## ABOUT THIS TASK:
Print every line of the listing below, starting with the line that holds "Heron Plumage V" and going on through the line that holds "Melanżowy t-shirt damski", both included, and print nothing else.
++++ DATA SECTION ++++
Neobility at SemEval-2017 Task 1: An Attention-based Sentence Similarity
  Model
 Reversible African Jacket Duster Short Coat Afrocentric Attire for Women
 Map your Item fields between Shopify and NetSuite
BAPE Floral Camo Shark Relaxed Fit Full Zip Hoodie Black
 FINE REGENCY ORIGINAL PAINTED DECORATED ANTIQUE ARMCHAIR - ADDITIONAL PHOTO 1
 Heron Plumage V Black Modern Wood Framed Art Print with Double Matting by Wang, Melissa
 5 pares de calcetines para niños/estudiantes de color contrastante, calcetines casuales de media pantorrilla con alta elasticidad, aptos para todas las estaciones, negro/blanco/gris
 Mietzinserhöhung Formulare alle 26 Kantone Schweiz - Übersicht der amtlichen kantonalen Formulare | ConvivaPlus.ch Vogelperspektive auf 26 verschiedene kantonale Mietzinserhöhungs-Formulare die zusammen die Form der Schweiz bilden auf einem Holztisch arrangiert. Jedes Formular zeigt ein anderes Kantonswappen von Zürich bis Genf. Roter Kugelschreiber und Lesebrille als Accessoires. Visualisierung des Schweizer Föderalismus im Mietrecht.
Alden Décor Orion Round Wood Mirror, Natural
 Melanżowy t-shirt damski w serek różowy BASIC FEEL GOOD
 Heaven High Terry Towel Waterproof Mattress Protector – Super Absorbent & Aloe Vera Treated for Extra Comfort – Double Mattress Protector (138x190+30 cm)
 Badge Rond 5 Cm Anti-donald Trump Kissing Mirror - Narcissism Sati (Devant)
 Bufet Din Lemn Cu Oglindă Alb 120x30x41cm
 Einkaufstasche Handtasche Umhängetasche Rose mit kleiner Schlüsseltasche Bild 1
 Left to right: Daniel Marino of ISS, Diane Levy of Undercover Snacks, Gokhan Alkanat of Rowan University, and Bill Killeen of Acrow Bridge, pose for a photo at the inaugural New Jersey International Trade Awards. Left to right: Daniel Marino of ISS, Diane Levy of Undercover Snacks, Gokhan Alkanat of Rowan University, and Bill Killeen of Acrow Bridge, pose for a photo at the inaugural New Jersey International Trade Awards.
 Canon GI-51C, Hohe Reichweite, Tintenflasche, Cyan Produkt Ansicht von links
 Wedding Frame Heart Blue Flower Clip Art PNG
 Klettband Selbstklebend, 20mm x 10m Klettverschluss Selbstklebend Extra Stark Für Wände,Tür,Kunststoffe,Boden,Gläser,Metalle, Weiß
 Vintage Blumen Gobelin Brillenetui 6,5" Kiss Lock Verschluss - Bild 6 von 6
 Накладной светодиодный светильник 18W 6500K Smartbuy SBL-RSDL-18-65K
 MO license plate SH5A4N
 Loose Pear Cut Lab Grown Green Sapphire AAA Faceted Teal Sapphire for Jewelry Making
++++
## ANSWER TO THIS TASK:
 Heron Plumage V Black Modern Wood Framed Art Print with Double Matting by Wang, Melissa
 5 pares de calcetines para niños/estudiantes de color contrastante, calcetines casuales de media pantorrilla con alta elasticidad, aptos para todas las estaciones, negro/blanco/gris
 Mietzinserhöhung Formulare alle 26 Kantone Schweiz - Übersicht der amtlichen kantonalen Formulare | ConvivaPlus.ch Vogelperspektive auf 26 verschiedene kantonale Mietzinserhöhungs-Formulare die zusammen die Form der Schweiz bilden auf einem Holztisch arrangiert. Jedes Formular zeigt ein anderes Kantonswappen von Zürich bis Genf. Roter Kugelschreiber und Lesebrille als Accessoires. Visualisierung des Schweizer Föderalismus im Mietrecht.
Alden Décor Orion Round Wood Mirror, Natural
 Melanżowy t-shirt damski w serek różowy BASIC FEEL GOOD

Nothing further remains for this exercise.